#### DATASET CONTENT:
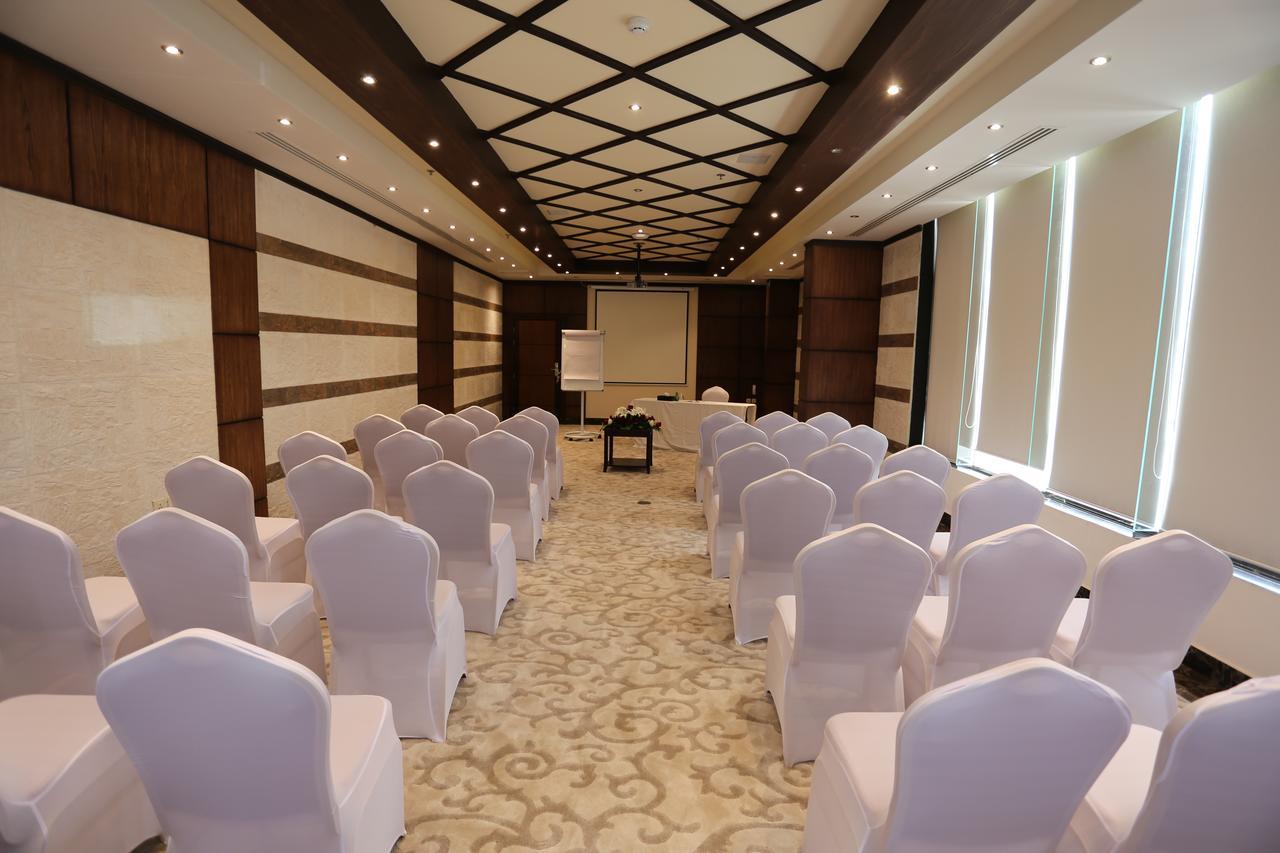 Golden Bujari Hotel El-Huber Dış mekan fotoğraf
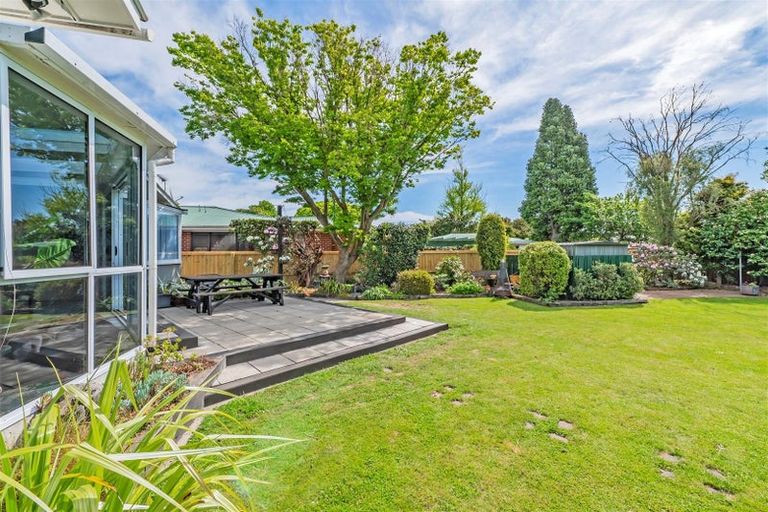 Photo of property in 140 Kendal Avenue, Burnside, Christchurch, 8053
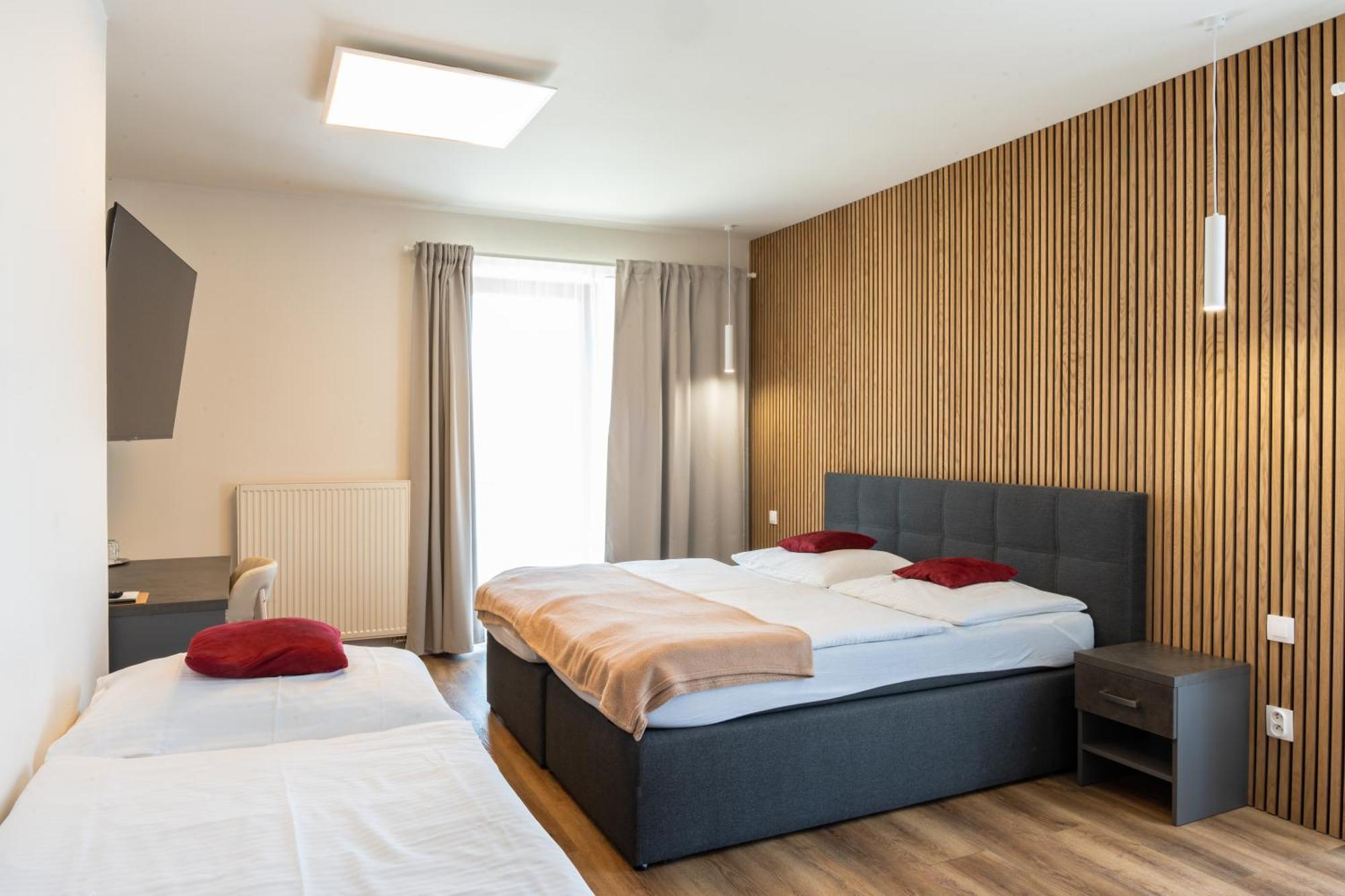 Hotel Sharingham Брно Екстер'єр фото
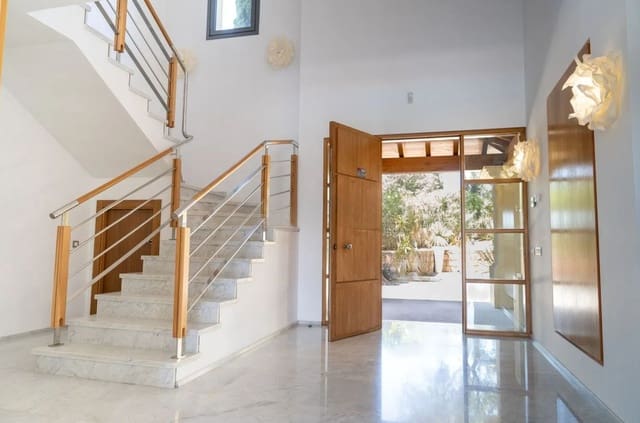 6 chambre Villa/Maison à vendre à San Roque avec piscine garage - 2 500 000 € (Ref: 9817861)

#### WHAT THIS TASK INVOLVES:
Type the material out again exactly. Skip the pictures.

#### WRITTEN ANSWER:
 Golden Bujari Hotel El-Huber Dış mekan fotoğraf
 Photo of property in 140 Kendal Avenue, Burnside, Christchurch, 8053
 Hotel Sharingham Брно Екстер'єр фото
 6 chambre Villa/Maison à vendre à San Roque avec piscine garage - 2 500 000 € (Ref: 9817861)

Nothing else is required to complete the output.